Cave, wreck, and deep diver.
they can call it "NOT a DDOS" all they want, but it doesn't really change the facts. Technically speaking, they are right, because they are not trying to cause a Denial of Service, but I think that really in spirit it's not much different enough. While I certainly have no sympathy for spammers, I know that this is certainly not something that I'm going to be installing, as someone living in the US, because it seems to me that it's certainly possible for someone to win a lawsuit against the company or the people running this software.
Famous Last Words: "hmm...wikipedia says it's edible"
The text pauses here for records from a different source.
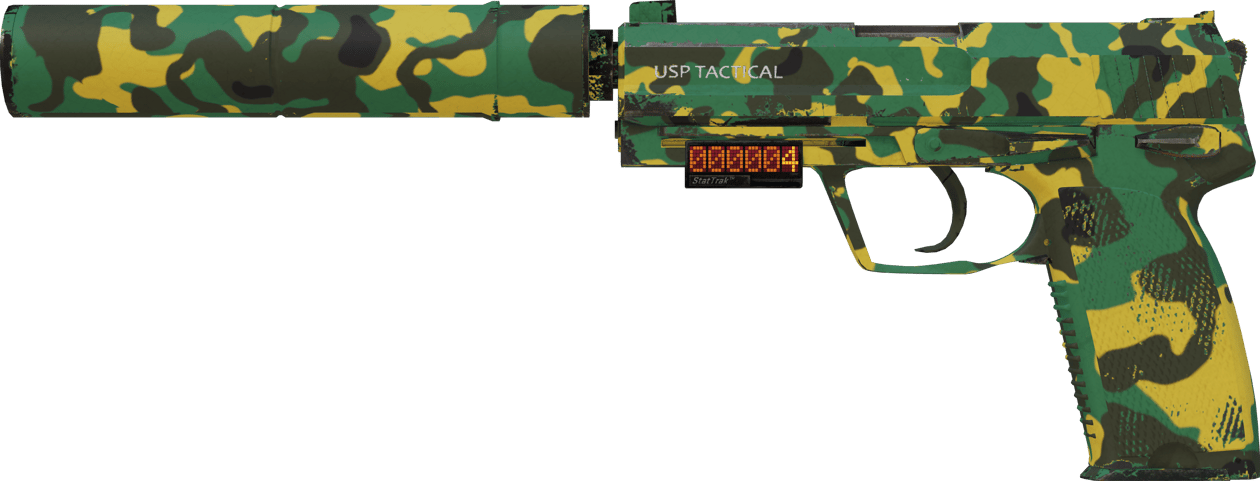 Preview image 1 of StatTrak™ USP-S | Overgrowth (Très peu usée)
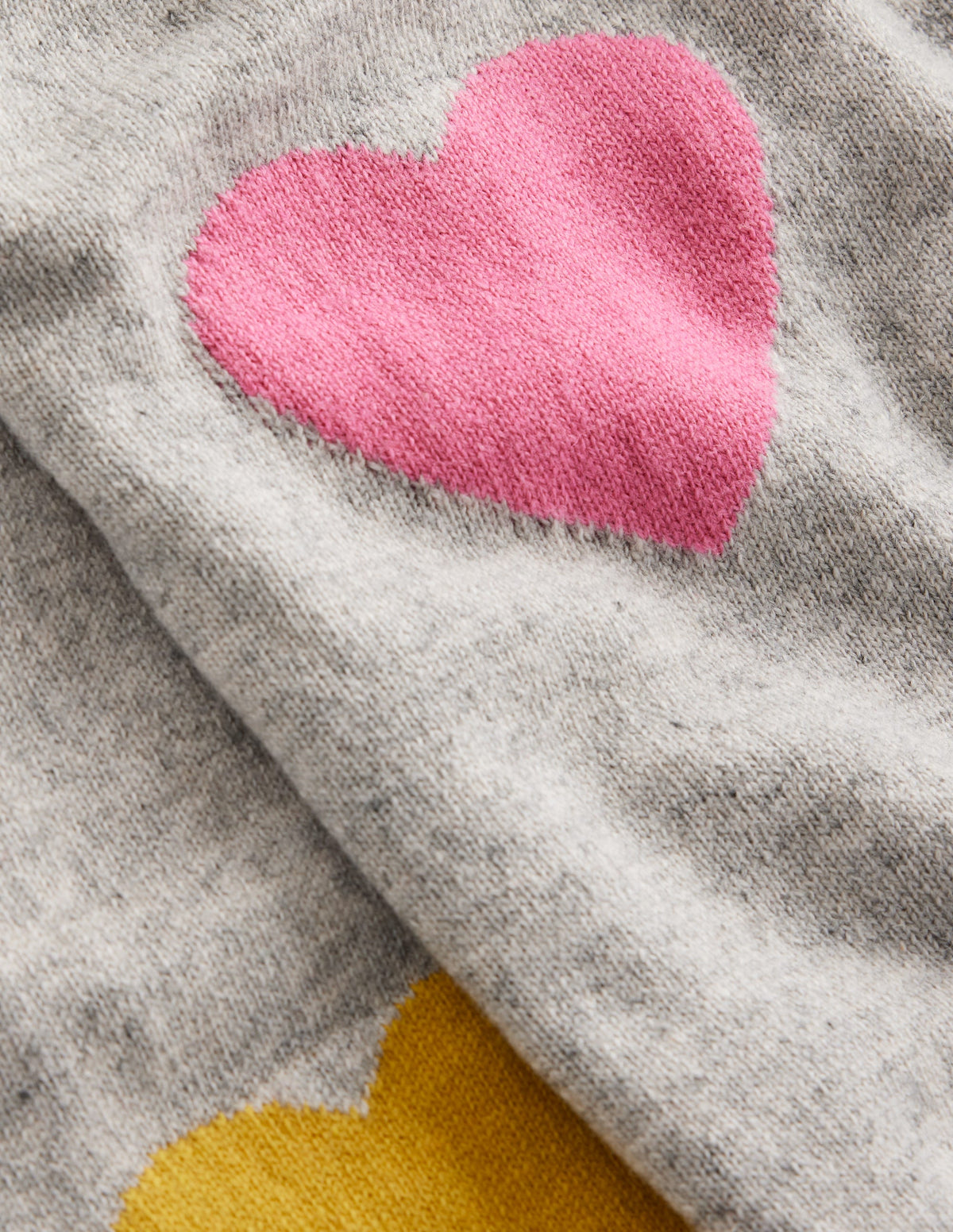 Natasha Novelty Sweater-Grey, Hearts - Image 9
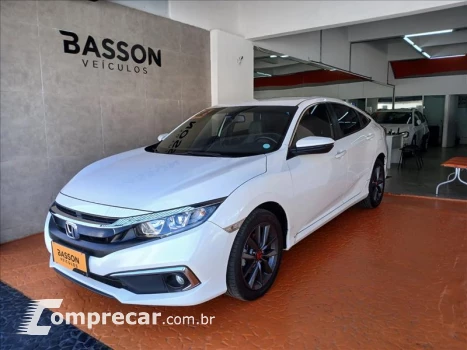 Honda CIVIC 2.0 16vone EX 4 portas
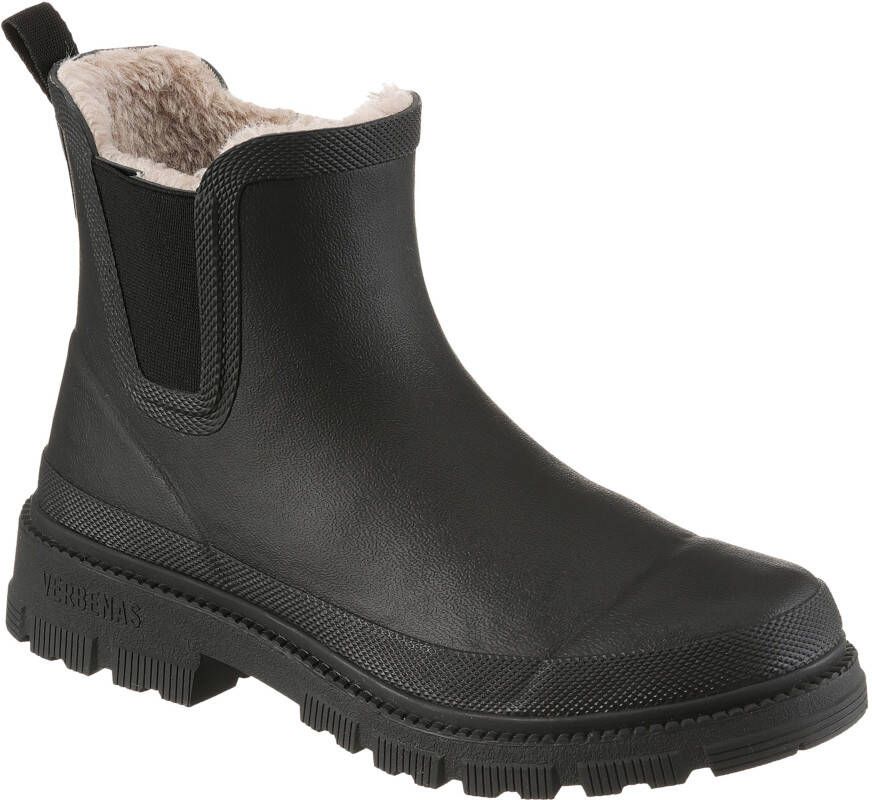 VERBENAS Chelsea-boots Lua Mate Schupfboots winterlaarsje met krachtige plateauzool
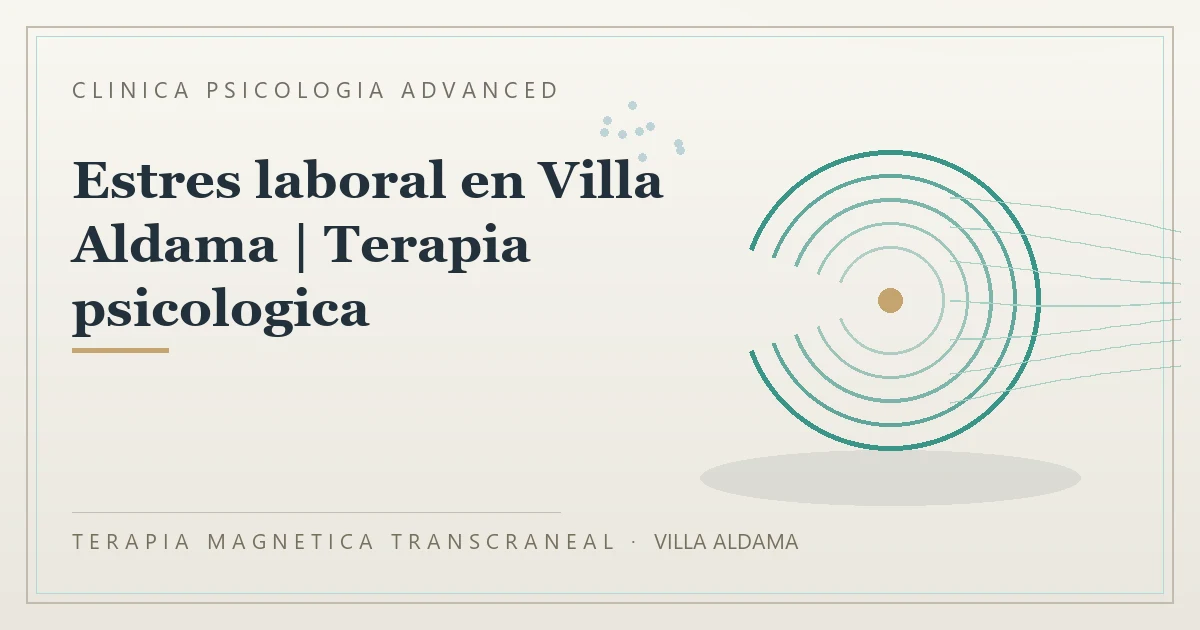 Terapia Magnetica Transcraneal con valoracion medica previa Clinica Psicologia Advanced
Bad idea, Lycos - nobody (no human, anyhow) likes spam - but the rest of us have so far refrained from crap flooding the net to stop it.
-- Cheers,
-- RLJ
Lycos is wrong on this one. Part of the problem with SPAM is that despite the appearance of email being free, there are hidden costs (Kind of like environmental impact costs). In the case of SPAM the costs are bourne by the ISP / bandwidth providers and the recipients time, energy, and money. Lycos makes the problem worse for the ISP.
Hell, if I were a SPAMMER, why not add some third party advertisements to my SPAM page. Perhaps each hit from these screensavers would generate revenue for me!
I'm also having trouble seeing how they claim this is not a DDOS attempts. Obviously by increasing the number of screensavers in use, the load increases on the target sites. Perhaps a new concept--the DDOP--distributed denial of performance? Keep flooding until ping time of site is > 30 seconds. Still sounds illegal to me.
This is a straight carbon-copy of a system that a Swedish ISP launched a couple of months ago.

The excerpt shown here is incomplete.